Weil das Angebot recht günstig war und ich mir dachte, dass es schön wäre auch einen Dobby in Schweden zu haben und vor allem, dass ich fehlende oder kaputte Kunststoffteile im 3D Druck selber herstellen könnte und im Falle fehlender Wahlleisten - zumindest erst einmal - einige von meinem deutschen Dobby Webstuhl entbehren könnte, habe ich dann die Verkäufer kontaktiert.

 

 

An Pfingstmontag, der in Schweden kein Feiertag ist, machten wir uns dann auf den Weg zum Standort des Webstuhls in der Nähe von Ystad. Vor Ort stellte sich heraus, dass sowohl Wahlleisten, ein Webgewicht und auch eine Standlade zum Angebot gehörten.

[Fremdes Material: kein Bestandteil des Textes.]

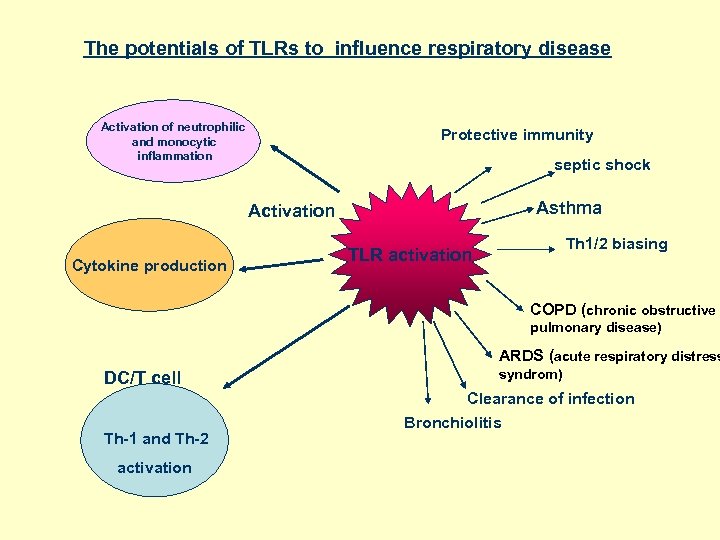 The potentials of TLRs to influence respiratory disease Activation of neutrophilic and monocytic inflammation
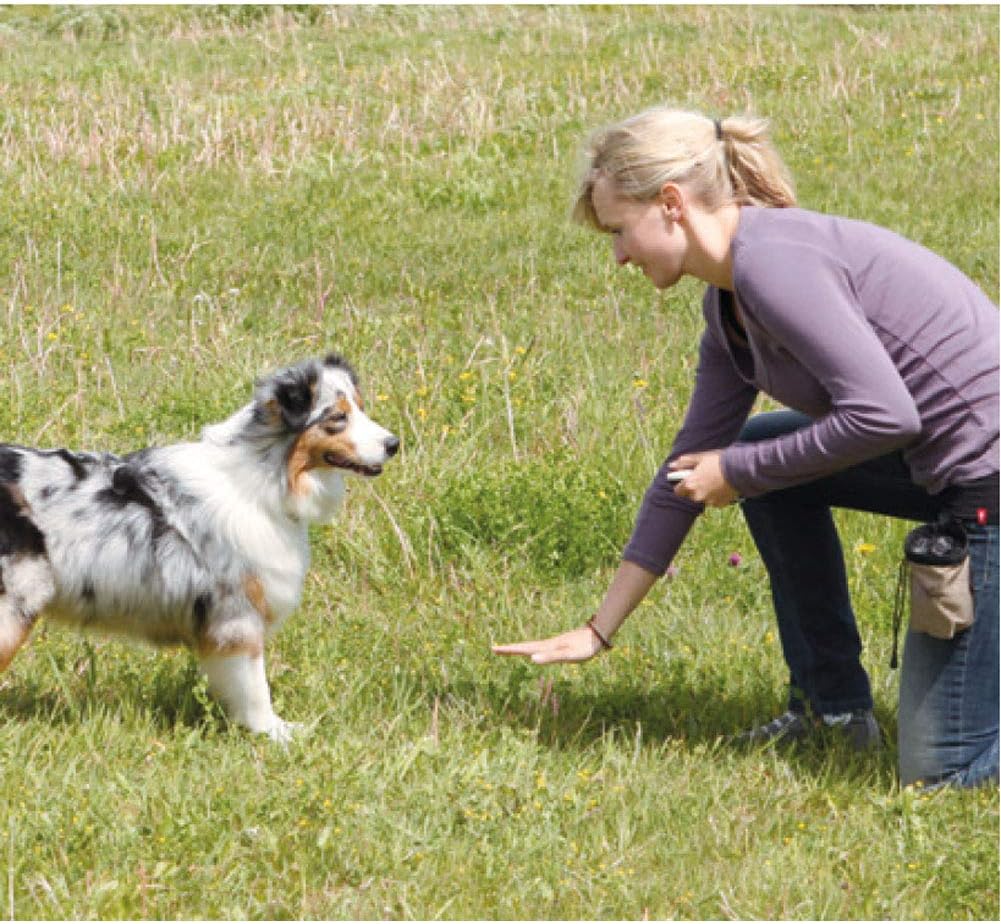 VOBRAMY lightweight pet training clicker showing its compact portable dimensions.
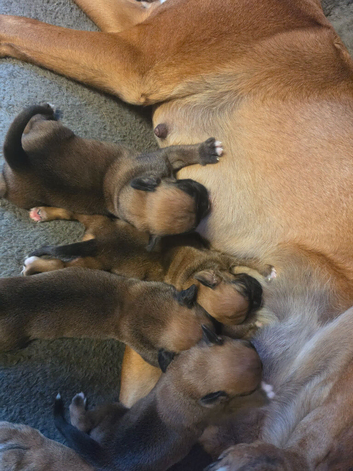 4 stunning boxer puppies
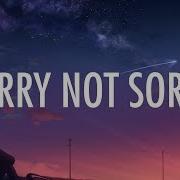 Sorry Not Sorry Lyrics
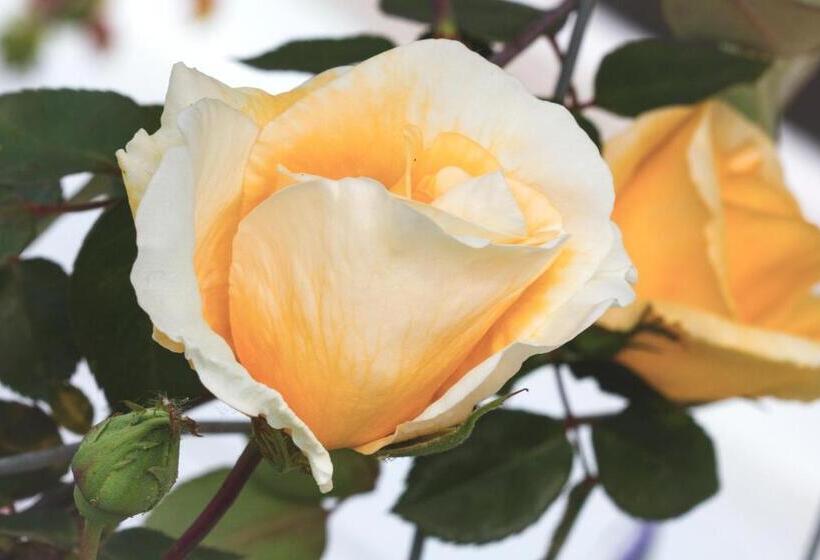 مبيت وإفطار Magnolia House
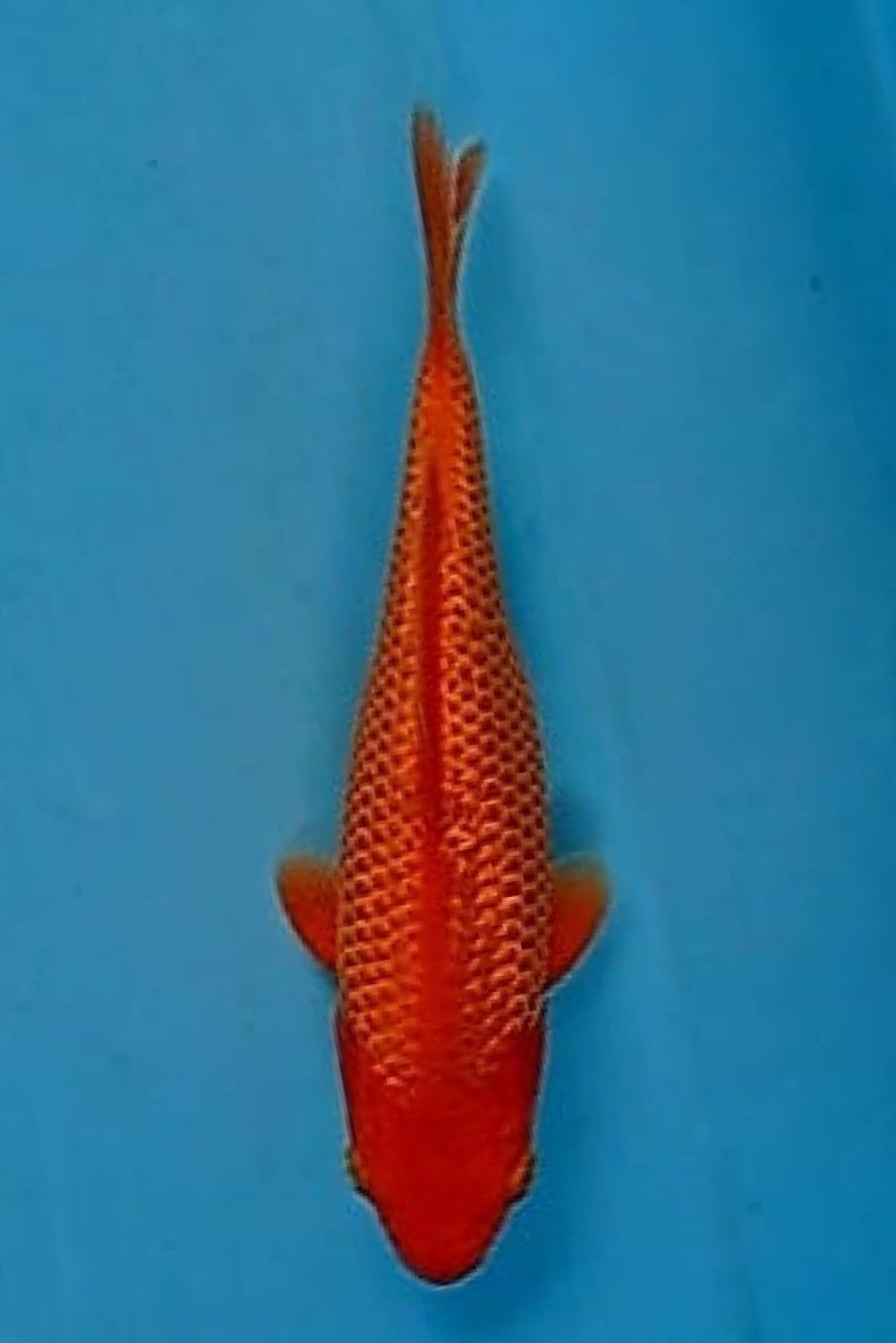 Juara 5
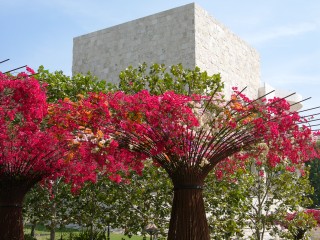 L1000801.jpg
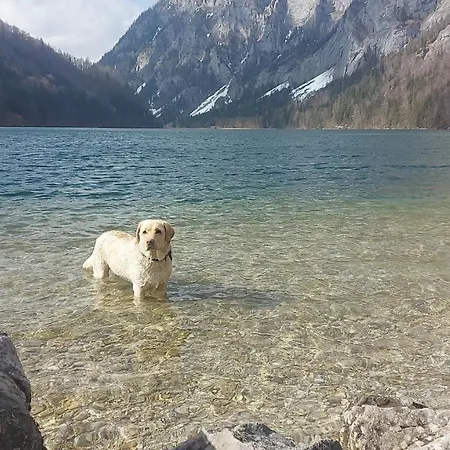 Daire Auszeit Steiraland Penthouse 9 Mit Grossen Balkon Und Parkplatz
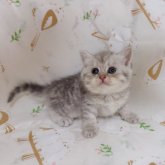 ブリティッシュショートヘア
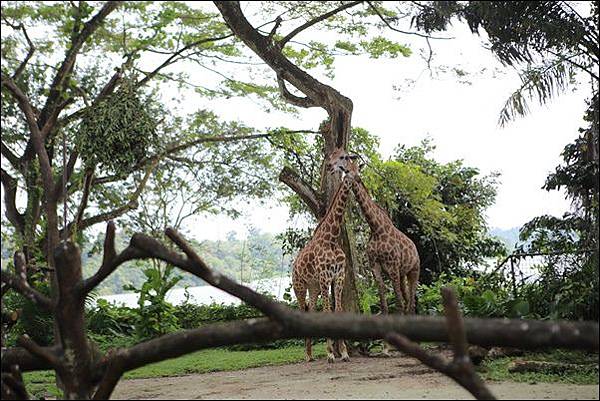 新加坡動物園 (42).jpg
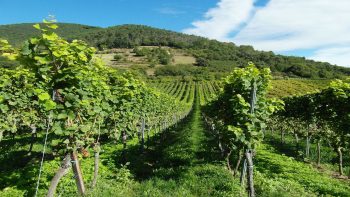 Millésime exceptionnel en vue pour champagnes et bourgognes, grâce à la sécheresse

Der Webstuhl selbst war zusammengeklappt und sehr eingestaubt, aber ich hatte die Hoffnung, dass sich alles nach vorsichtiger, aber gründlicher Reinigung wieder bewegen lassen würde.

Zusätzlich luden wir noch 3 Pappkartons in unseren Bus, sie waren vollgestopft mit Zeitschriften: Hemslöjden, Väv Magasinet, Weaver´s, Weaver´s Journal, Handwoven und Shuttle-Spindle-Dyepot, sowie mehreren schwedischen, dänischen und amerikanischen Webbüchern, darunter einige vergriffene Raritäten.

 


Auf dem Webstuhl war noch eine aufgezogene und angewebte Kette, deren Fäden allerdings locker und wirr waren.

 

 

 Trotzdem wollte ich diesen schmutzigen Kettrest gern irgendwie abweben.

 


 

Also habe ich erst einmal das angefangene Webstück abgeschnitten.

 


Die aufgezogene Kette bestand aus Baumwolle, vermutlich 16/2, doppelt eingezogen in einen 80/10 Kamm, kam also auf 16 Fäden pro Zentimeter. 
 

 


Das ergab einen recht festen, dichten Stoff. Ich vermute, es handelte sich bei der geringen Webbreite von nur 21 cm um ein Probegewebe, dafür sprach auch, dass die Vorbesitzerin  Ann-Lovisa zuerst ein Herzmuster gewebt und dann bei einem Zickzack-Muster verschiedene Schussfarben ausprobiert hatte.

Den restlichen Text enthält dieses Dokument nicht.